Could you reproduce, exactly as written, every line from the one containing "Market position of" through the last line of the records, and nothing else?
(Data Opens)
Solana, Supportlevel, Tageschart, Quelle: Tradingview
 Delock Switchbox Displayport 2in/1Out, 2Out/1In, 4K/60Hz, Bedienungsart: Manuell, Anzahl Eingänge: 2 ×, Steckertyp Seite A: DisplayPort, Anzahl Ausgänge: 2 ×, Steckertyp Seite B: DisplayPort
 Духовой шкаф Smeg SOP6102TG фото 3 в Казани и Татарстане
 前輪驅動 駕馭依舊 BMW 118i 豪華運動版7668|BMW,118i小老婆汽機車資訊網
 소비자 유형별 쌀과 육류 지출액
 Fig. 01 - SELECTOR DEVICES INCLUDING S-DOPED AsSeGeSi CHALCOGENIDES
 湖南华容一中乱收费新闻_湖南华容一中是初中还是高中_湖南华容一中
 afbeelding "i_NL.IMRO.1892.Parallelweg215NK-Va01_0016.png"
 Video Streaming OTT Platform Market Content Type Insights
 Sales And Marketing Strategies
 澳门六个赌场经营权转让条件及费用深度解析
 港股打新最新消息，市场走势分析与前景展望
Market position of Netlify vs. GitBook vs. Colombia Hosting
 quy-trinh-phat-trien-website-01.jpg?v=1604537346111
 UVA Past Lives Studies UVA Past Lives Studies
(Data Closes)
◆ **Solution for this problem**
Market position of Netlify vs. GitBook vs. Colombia Hosting
 quy-trinh-phat-trien-website-01.jpg?v=1604537346111
 UVA Past Lives Studies UVA Past Lives Studies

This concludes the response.